TRY IT: From the first line to the last, retype everything below exactly, minus the pictures.
RAW DATA section start
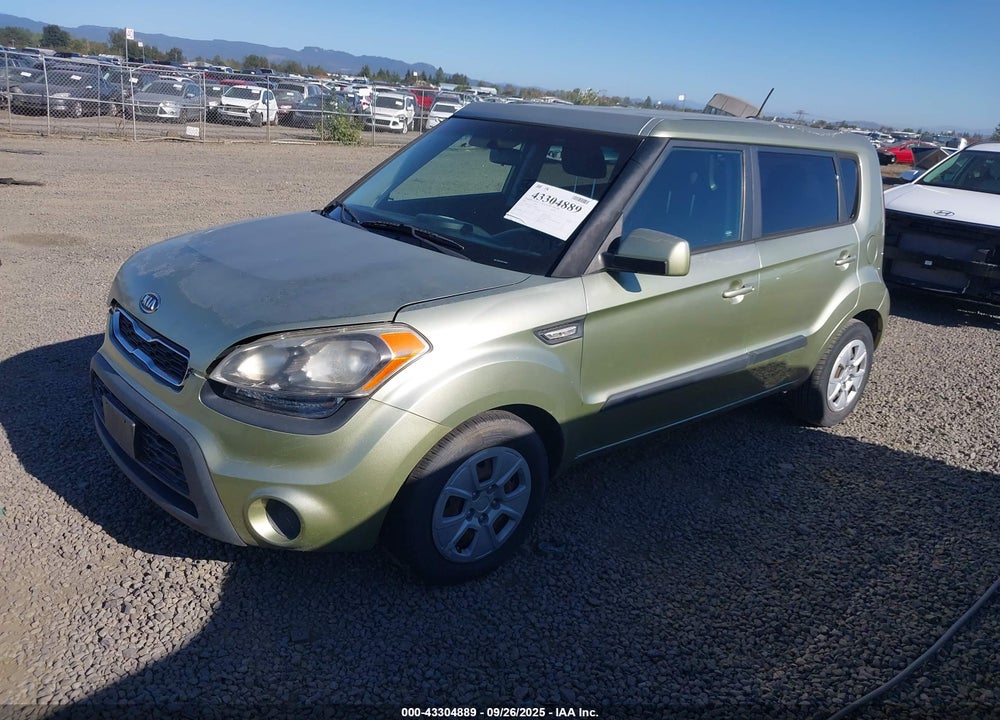 2012 KIA SOUL VIN: KNDJT2A5XC7478861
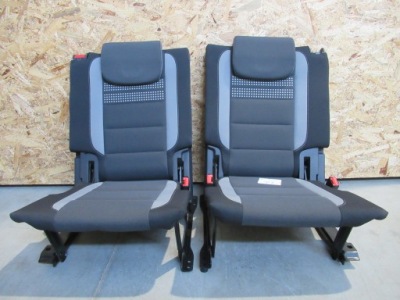 Vw touran i 1t сиденье 3 ряд левый i правый фото №1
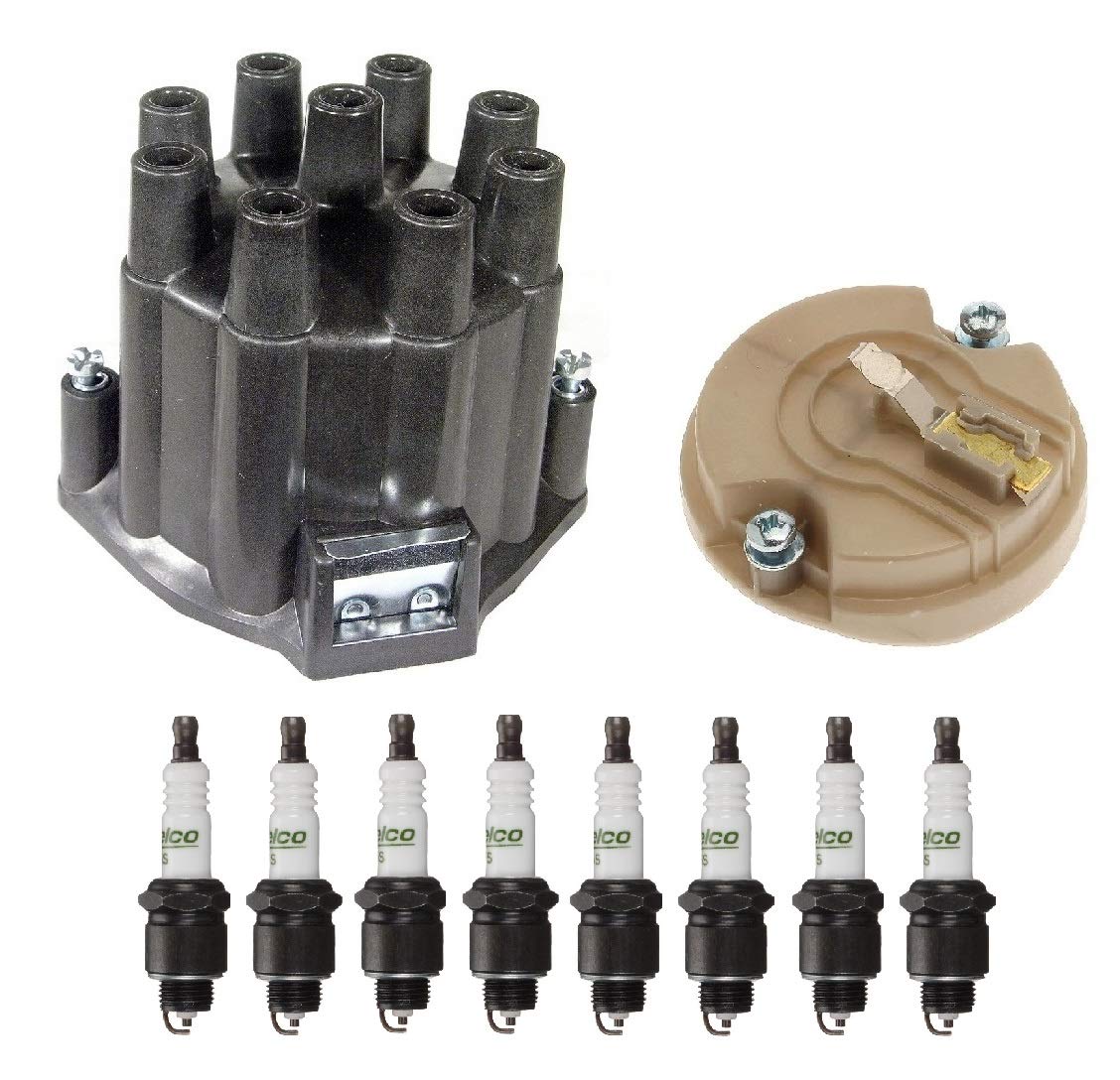 High-Quality Distributor Rotor Cap & Spark Plugs Kit for Transmode Cutlass Omega V8 - Perfect for Engine Tune-Up & Performance Enhancement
RAW DATA section end
YOUR SOLUTION:
 2012 KIA SOUL VIN: KNDJT2A5XC7478861
 Vw touran i 1t сиденье 3 ряд левый i правый фото №1
 High-Quality Distributor Rotor Cap & Spark Plugs Kit for Transmode Cutlass Omega V8 - Perfect for Engine Tune-Up & Performance Enhancement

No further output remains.